U.S. Securities and Exchange Commission

Litigation Release No. 18836 / August 18, 2004

SEC v. Gary M. Kornman, Civ. Action No. 3:04CV1803-L (Northern District of Texas)

The Securities and Exchange Commission announced today that it filed a civil lawsuit in federal district court in Dallas, Texas, alleging illegal insider trading against Alabama-licensed attorney and registered securities salesman Gary M. Kornman, 61, of Dallas, Texas. The complaint alleges that Kornman operated a tax-planning firm, The Heritage Organization LLC, which offered tax shelters and estate planning to wealthy individuals. On two separate instances in 2001, Kornman obtained material nonpublic information concerning acquisitions of public companies in confidential discussions with prospective tax-planning clients, each of whom faced significant capital-gains taxes as a result of the planned sale of their respective companies. Specifically, the complaint alleges:

  • In February 2001, Kornman learned in a confidential meeting with an executive of MiniMed, Inc., a Nasdaq-listed medical-equipment company, that there was a "70% chance" that MiniMed would be acquired in approximately four months by a Fortune 100 company. Two days after learning this information, Kornman purchased 6600 shares of MiniMed for approximately $38 per share on behalf of a hedge fund he controlled. In May 2001, MiniMed announced it was being acquired by Medtronic, Inc. for $48 per share, and Kornman's hedge fund profited by approximately $67,000 when the merger ultimately took place in August 2001.

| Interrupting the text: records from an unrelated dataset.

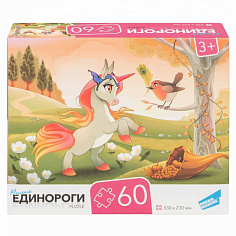 RI6001C Пазлы "60 Единороги"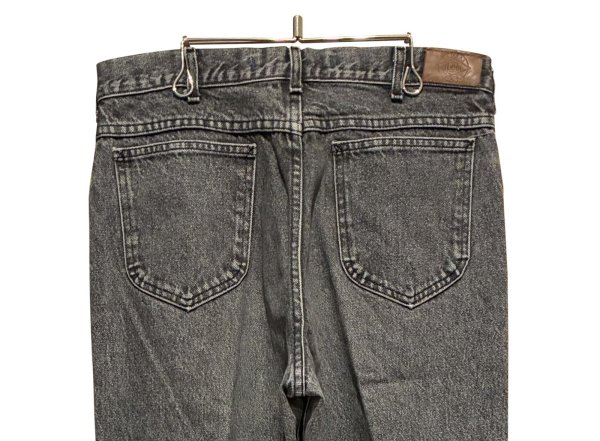 画像5: 90’s【USA製】【ビンテージ】【Lee】【リー】GLOBAL IMAGE【先染めブラック】【デニムパンツ】黒【34×36】  (5)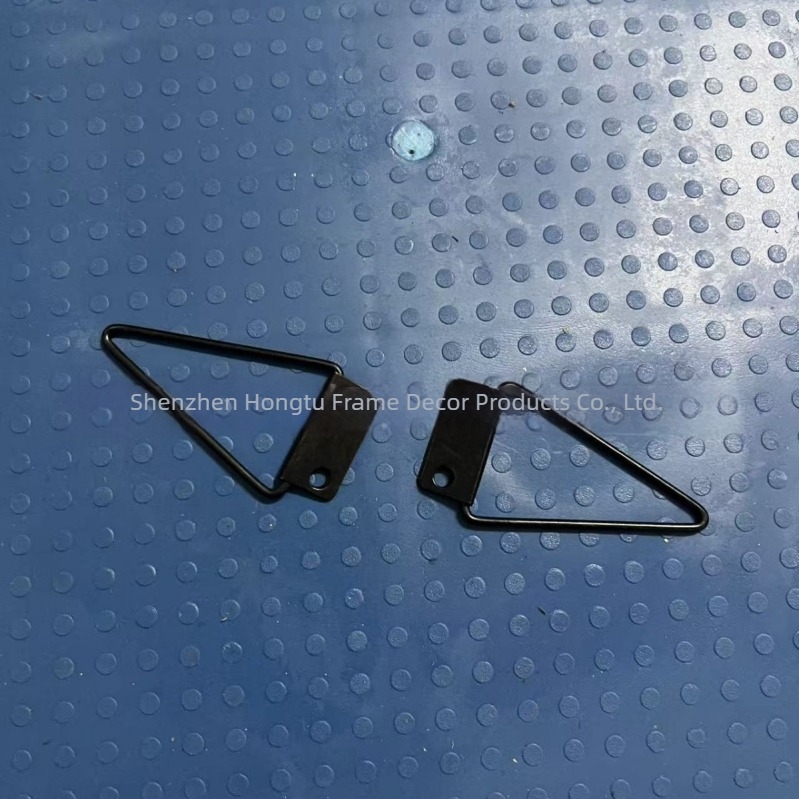 Vasból készült fotókeret-akasztó elektroplatírozott felülettel, modern minimalista stílus, alkalmas nappalira, hálószobára, dolgozószobára és előszobára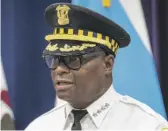  ?? ASHLEE REZIN GARCIA/SUN-TIMES FILE PHOTO ?? Police Supt. David Brown said the sergeant struck by gunfire was the first CPD officer to be shot this year.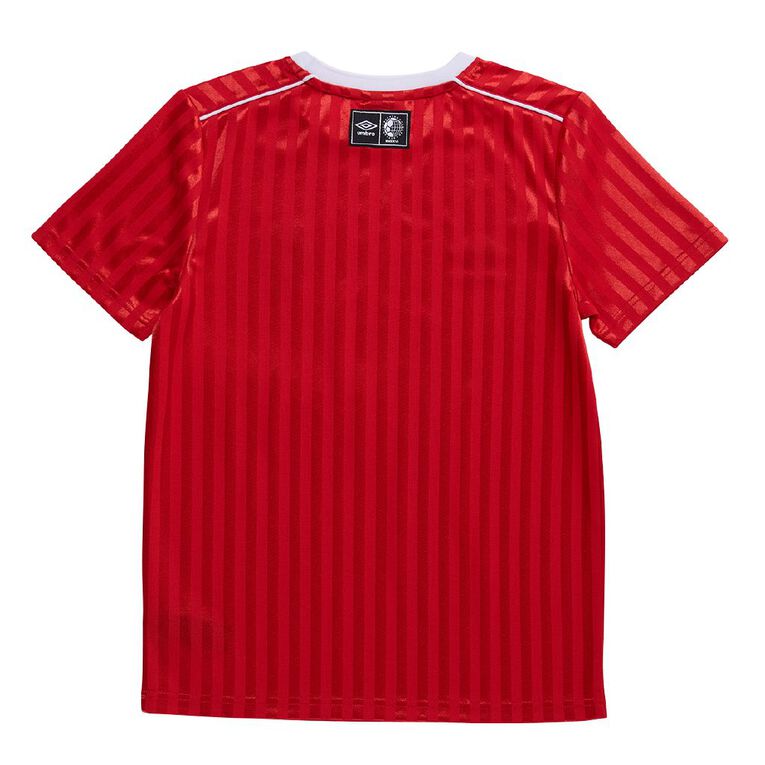 Umbro Unisex Youth Football Jersey, Red, hi-res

  • In a November 2001 meeting with a board member of Hollywood Casino Corporation, an Amex-listed company, Kornman learned that Hollywood would "definitely" be sold to another company in the near future within a certain price range per share. Upon learning this information, Kornman began acquiring Hollywood shares in the account of another hedge fund he controlled at an average price below the price range he had learned in the confidential meeting. By the time Hollywood announced it was being acquired by another publicly held casino firm in August 2002, Kornman's hedge fund had acquired 29,900 shares at an average cost below the announced acquisition price. At Kornman's direction, the hedge fund sold all of these shares for a profit of approximately $75,000 shortly after the merger was announced.

The SEC's complaint seeks to permanently enjoin Kornman from violating the anti-fraud provisions of the federal securities laws, specifically Section 10(b) of the Securities Exchange Act of 1034 and Rule 10b-5 thereunder. It also seeks disgorgement of $142,231 in illegal profits plus prejudgment interest and a civil penalty.